Of course I can create a method that sends something to the channel and then performs some checks. The next step is to encapculate it in a class derived from Channel. Still very dirty (and it's unclear how can I handle onSend
/onReceive
). Are there any more elegant solutins? Maybe something out-of-box?
This is nothing out-of-the box, but the corresponding batching logic can be readily implemented using an actor. You don't really need a class for that (but you wrap this code in a class if you wish).

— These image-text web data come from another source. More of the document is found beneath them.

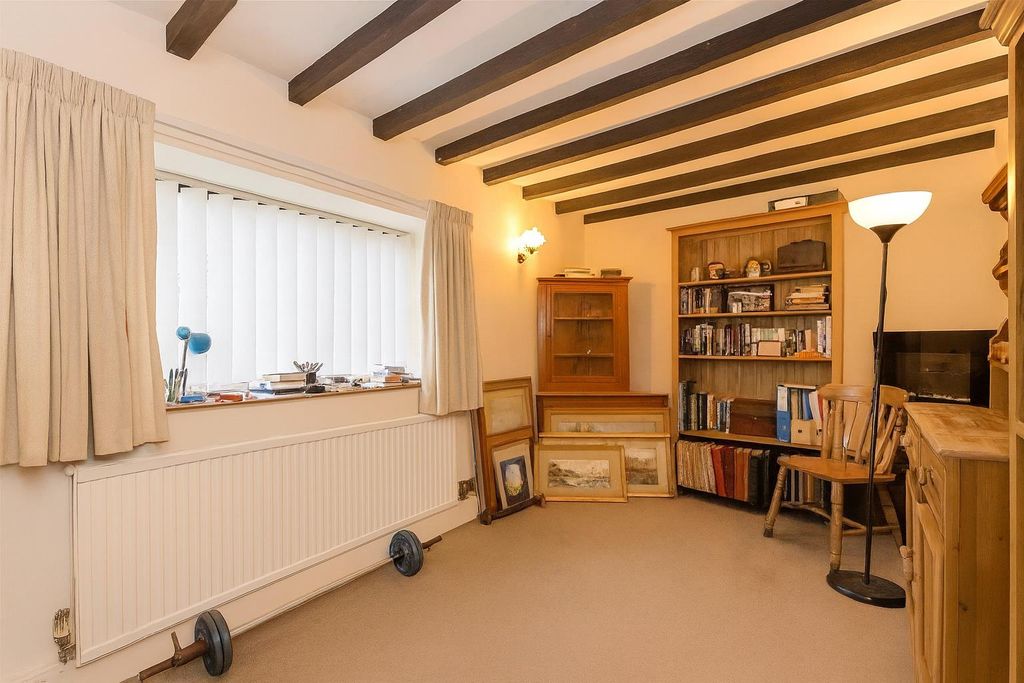 Property photo 3 of 13 Sitting Room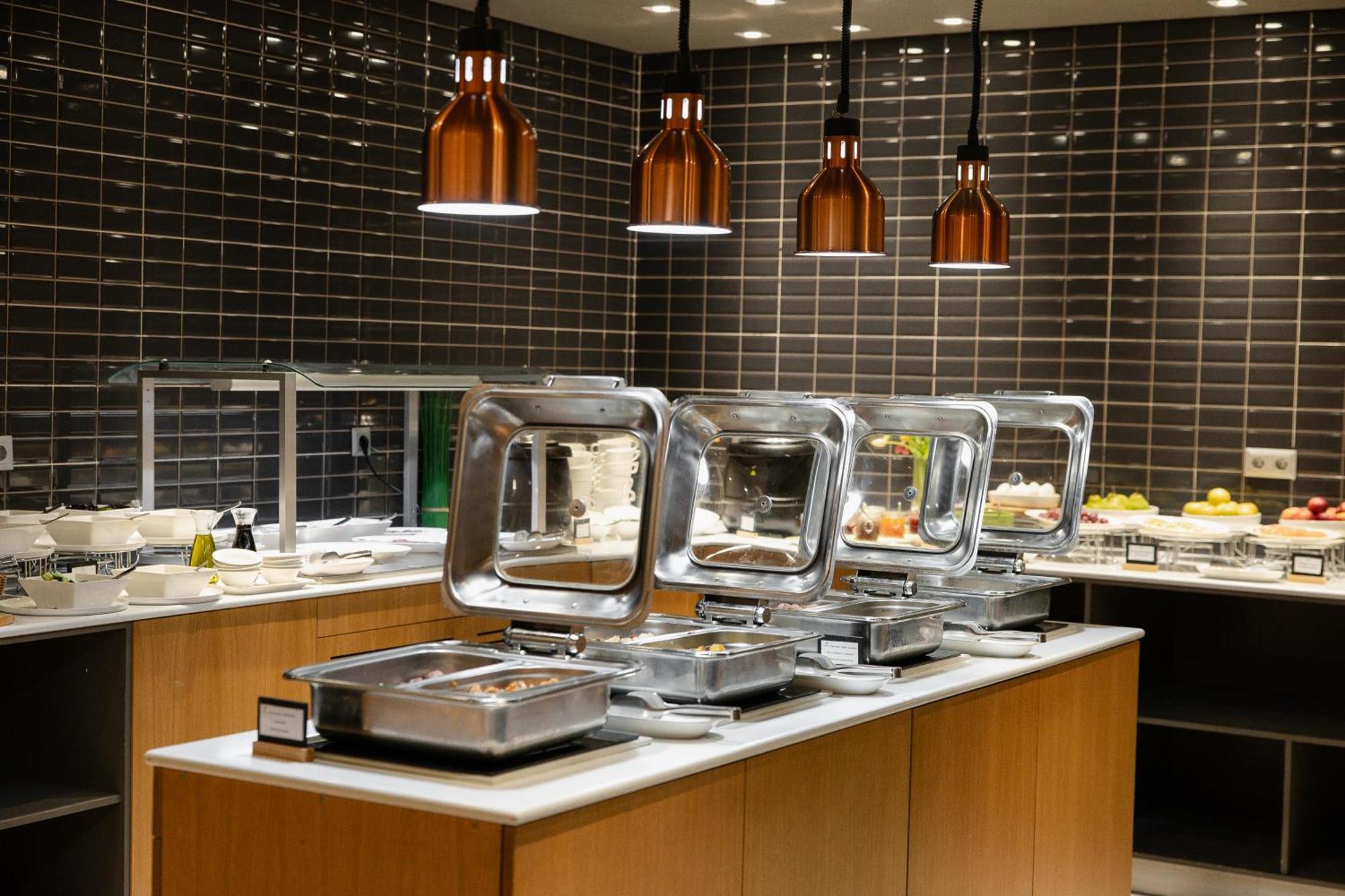 Holiday Inn - Aktau - Seaside By Ihg Ngoại thất bức ảnh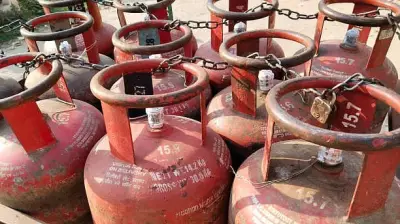 UP Government Launches Major Crackdown on LPG Black Marketing with 4,816 Raids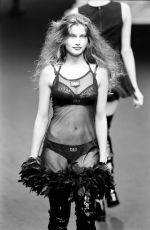 LAETITIA CASTA at D&G Fall 1995 Ready To Wear Collection Runway Show 03/08/1995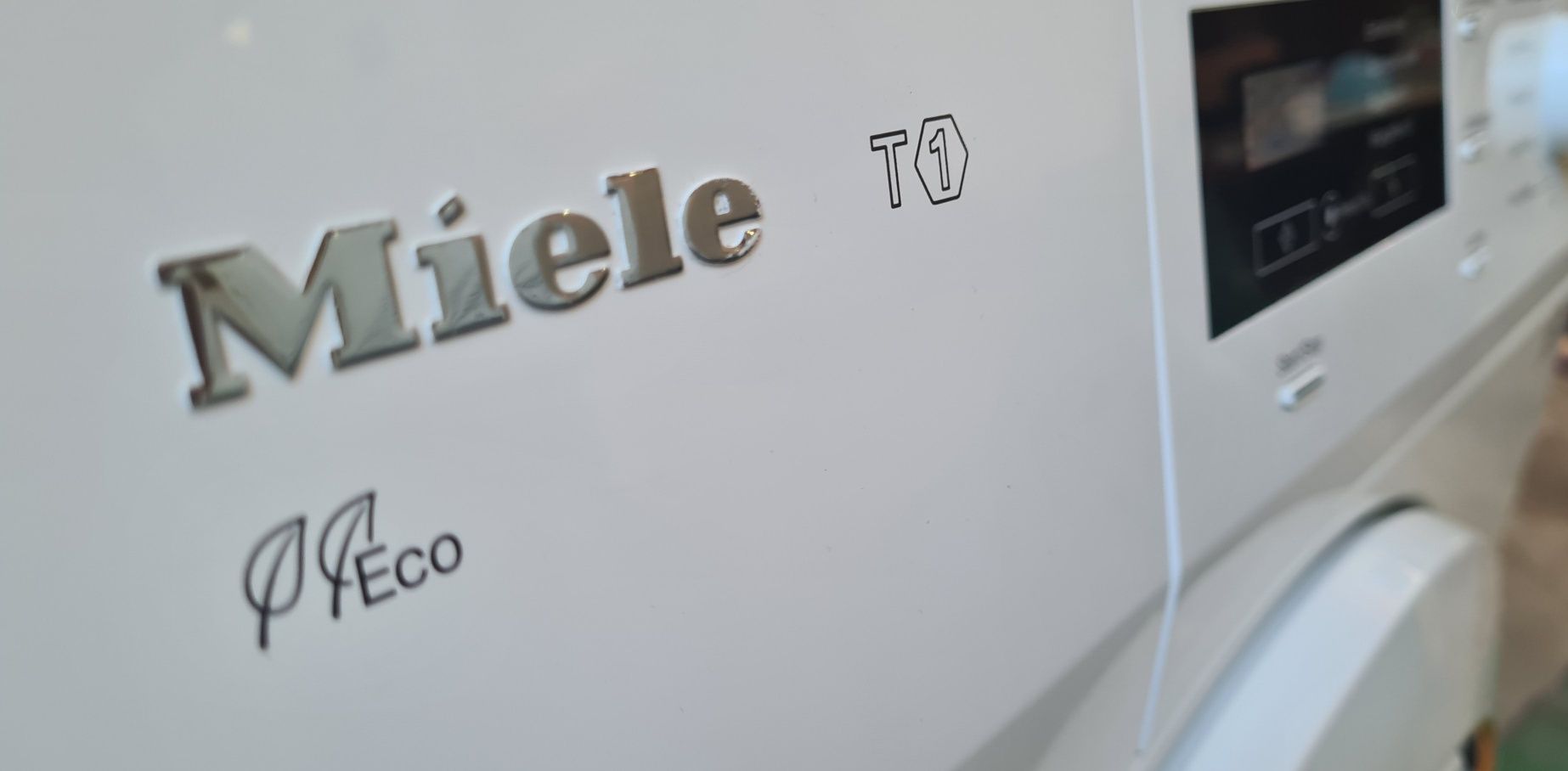 Сушилня с термопомпа MIELE TKB 550 WP Eco 8 kg с PerfectDry и Fragranc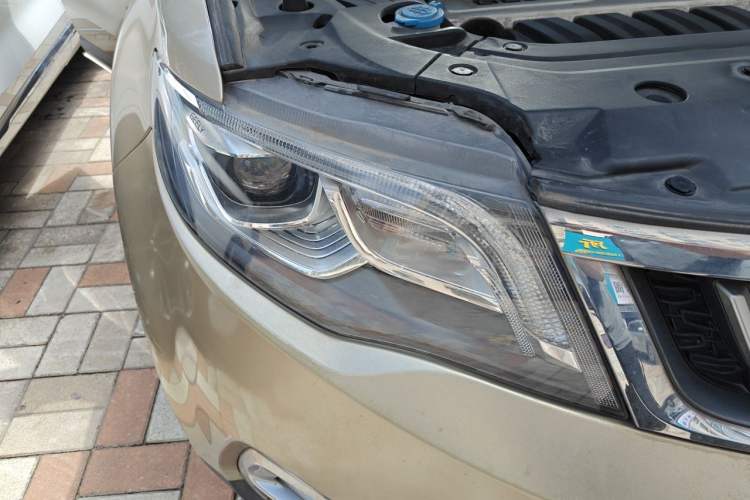 Used Geely Auto Emgrand X7 Sport 2016 1.8TD Automatic ZhiZun Version Right Front Headlight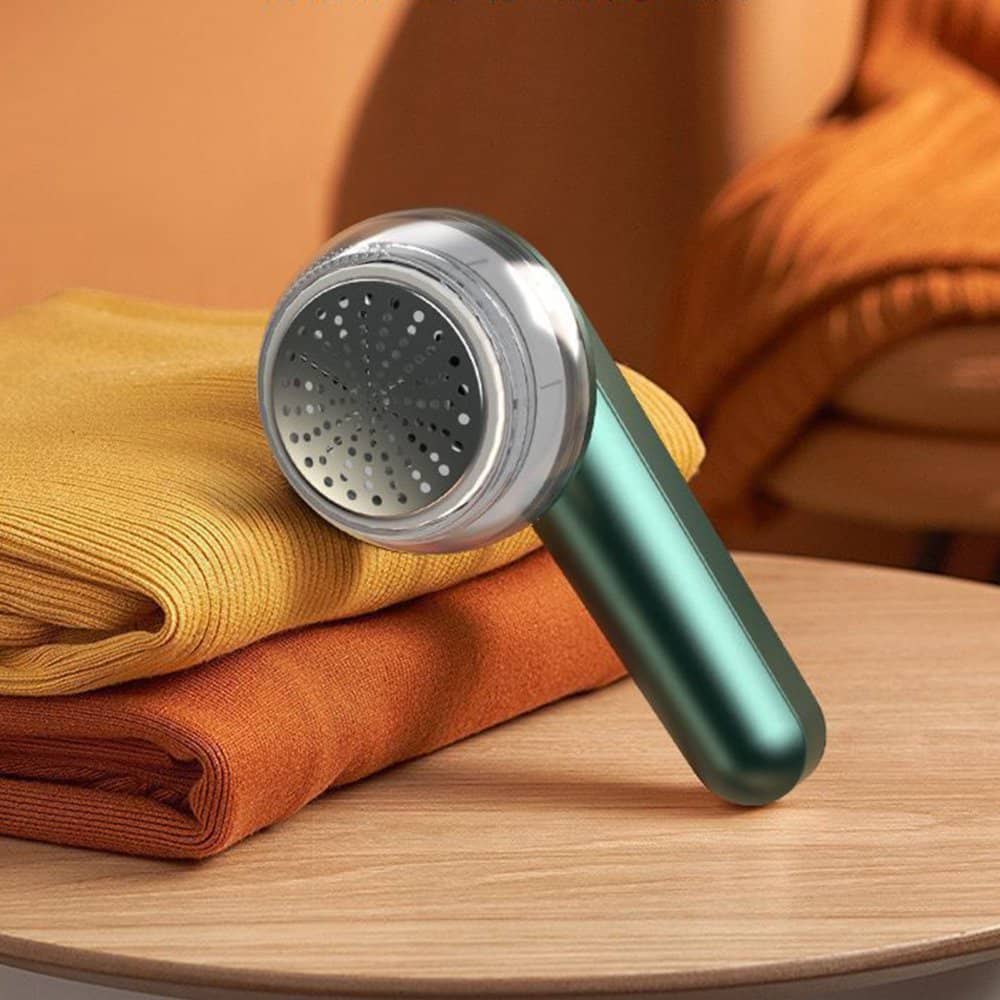 [Free Home Delivery]  Lint Remover- Hairball Trimmer- Fuzz Clothes and Sweater's Spool Shaver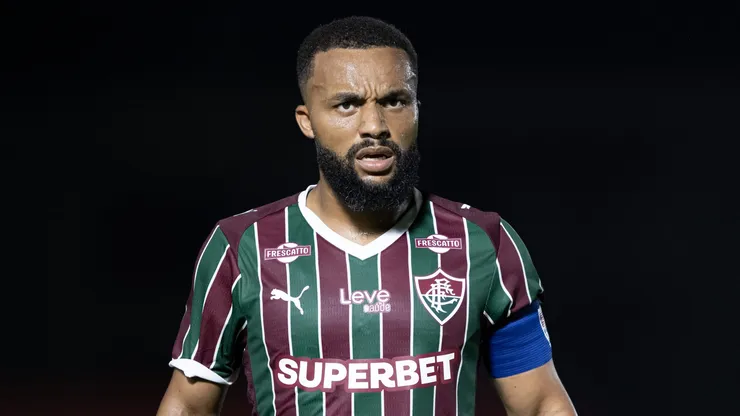 Samuel Xavier saiu em defesa do elenco Tricolor - Foto: Jorge Rodrigues/AGIF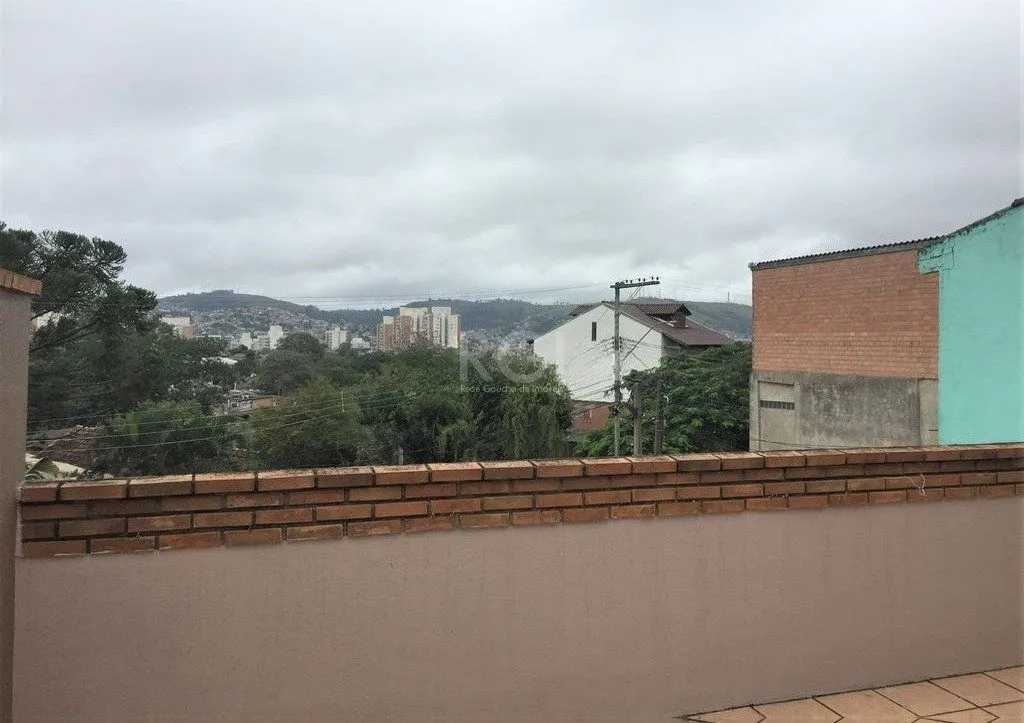 Imagem Casa de 270m² - 3 dormitórios, 1 suíte, churrasqueira, pátio e 3 vagas de garagem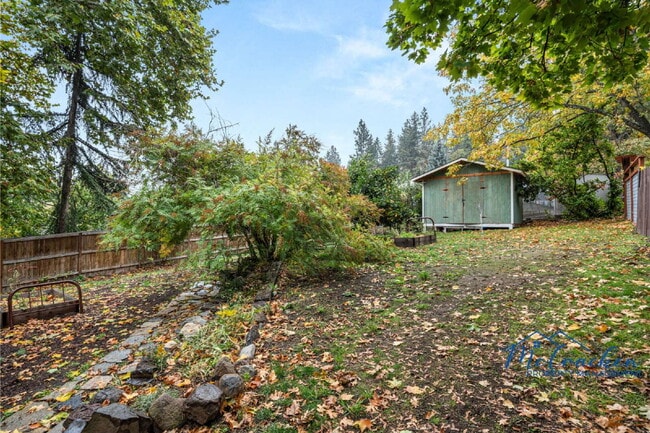 Photo - 698 Ashland St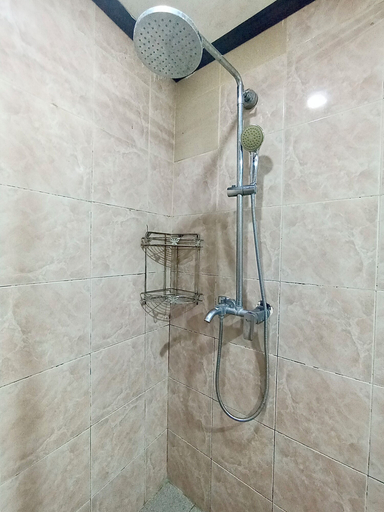 Bathroom 4, Memory Hotel, Vientiane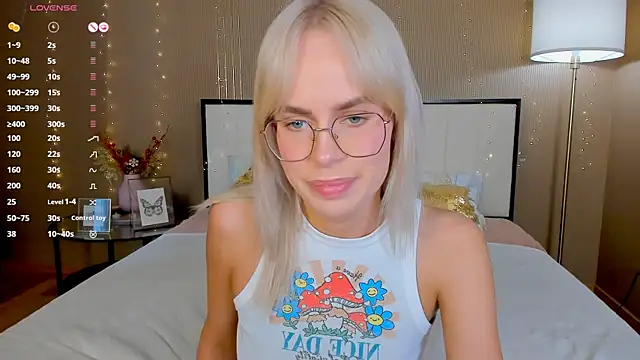 bellatip's Live XXX Chat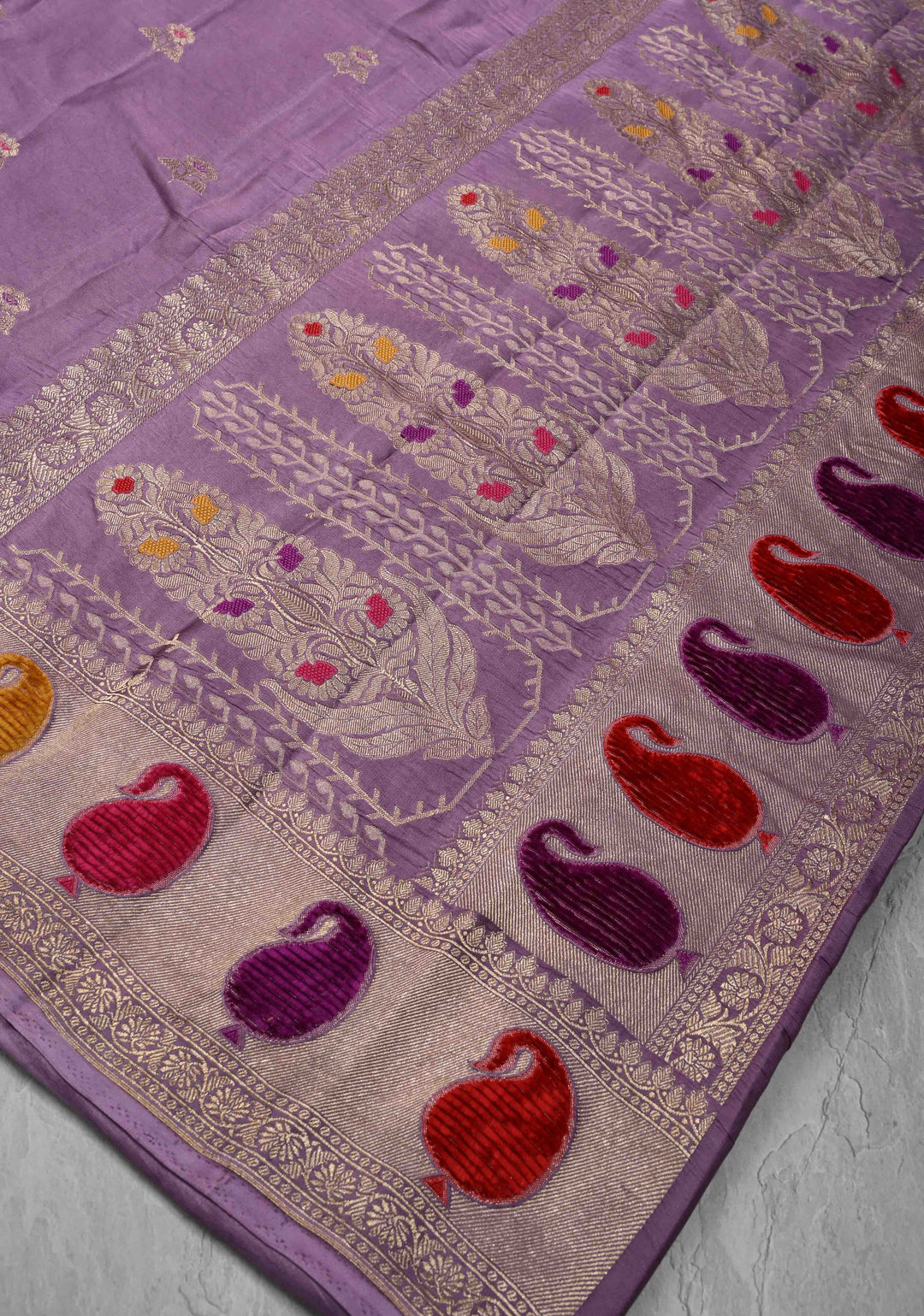 Dusty Lavender Meenakari Velvet Weaving Pure Mashru Silk Saree with Floral Zari buttas and Paisley Border |  SILK MARK CERTIFIED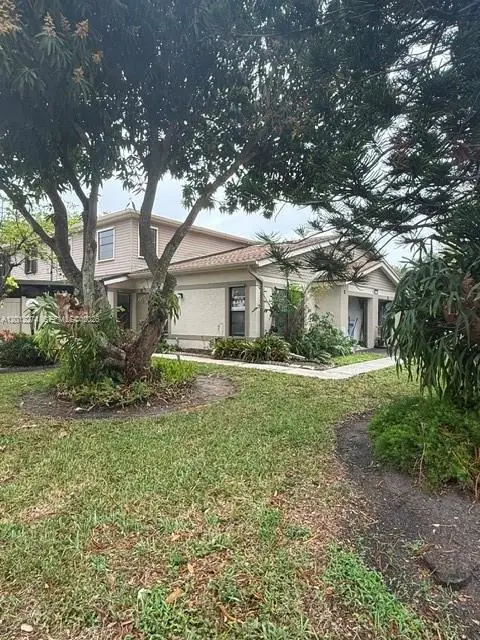 4411 Willow Pond Rd #C, West Palm Beach, FL 33417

You can use the following implementation as a template:
const val MAX_SIZE = 100 // max number of data items in batch
const val MAX_TIME = 1000 // max time (in ms) to wait
val batchActor = actor<Data> {
val batch = mutableListOf<Data>()
var deadline = 0L // deadline for sending this batch to DB
while (true) {
// when deadline is reached or size is exceeded, then force batch to DB
val remainingTime = deadline - System.currentTimeMillis()
if (batch.isNotEmpty() && remainingTime <= 0 || batch.size >= MAX_SIZE) {
saveToDB(batch)
batch.clear()
continue
}
// wait until items is received or timeout reached
select<Unit> {
// when received -> add to batch
channel.onReceive {
batch.add(it)
// init deadline on first item added to batch
if (batch.size == 1) deadline = System.currentTimeMillis() + MAX_TIME
}
// when timeout is reached just finish select, note: no timeout when batch is empty
if (batch.isNotEmpty()) onTimeout(remainingTime) {}
}
}
}
Now you just do batchActor.send(data)
whenever you need to send anything to the database and the logic inside the actor takes care about batching and saving the resulting batches to the database.
The Channel Interface declares an isFull property which can be queried to determine if it has reached capacity.
I can't see anyway to have a callback function to automatically invoke a function when the capacity is reached but you could periodically check this isFull property to see if it is at capacity.